Work required: Aim for an exact copy of the listing, without any images.

Data provided:
.....

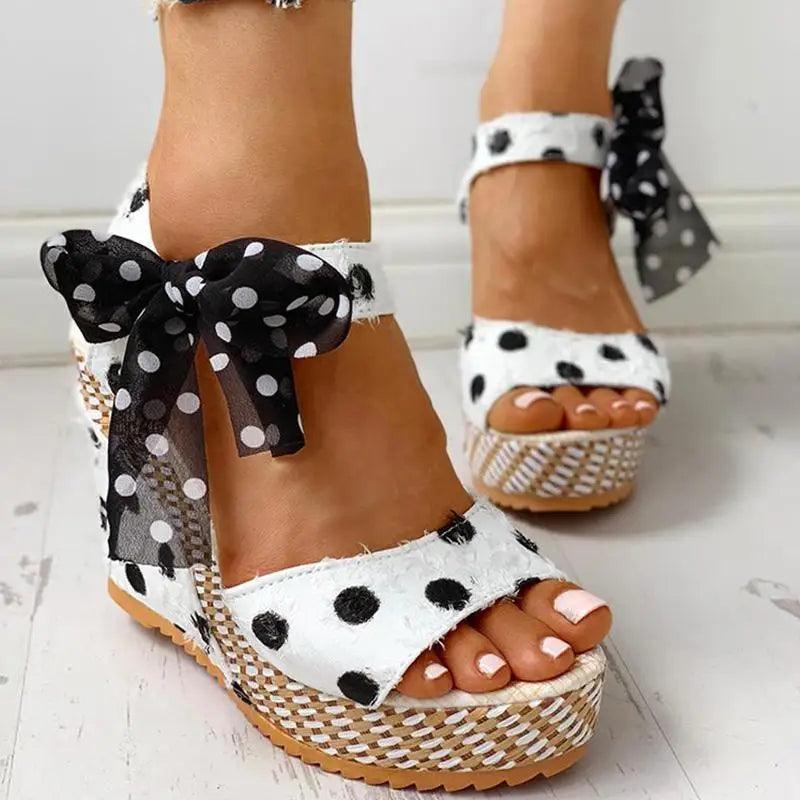 Stevvex women's wedge sandals pair with white polka dot straps and a black bow on the ankle on Tampa Home & Garden Store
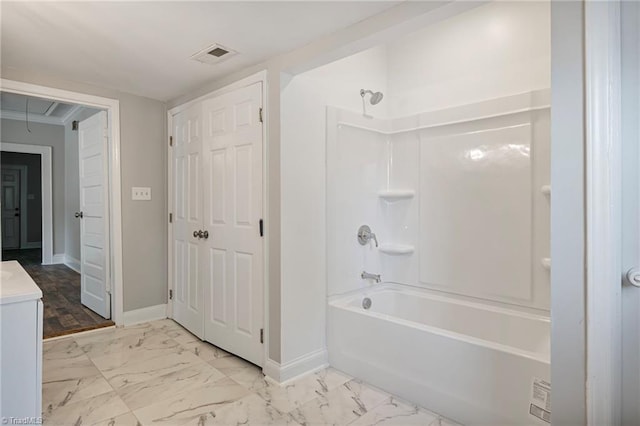 bathroom with vanity and bathing tub / shower combination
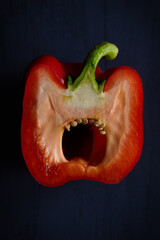 red bell pepper on dark background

.....

Problem solution:
 Stevvex women's wedge sandals pair with white polka dot straps and a black bow on the ankle on Tampa Home & Garden Store
 bathroom with vanity and bathing tub / shower combination
 red bell pepper on dark background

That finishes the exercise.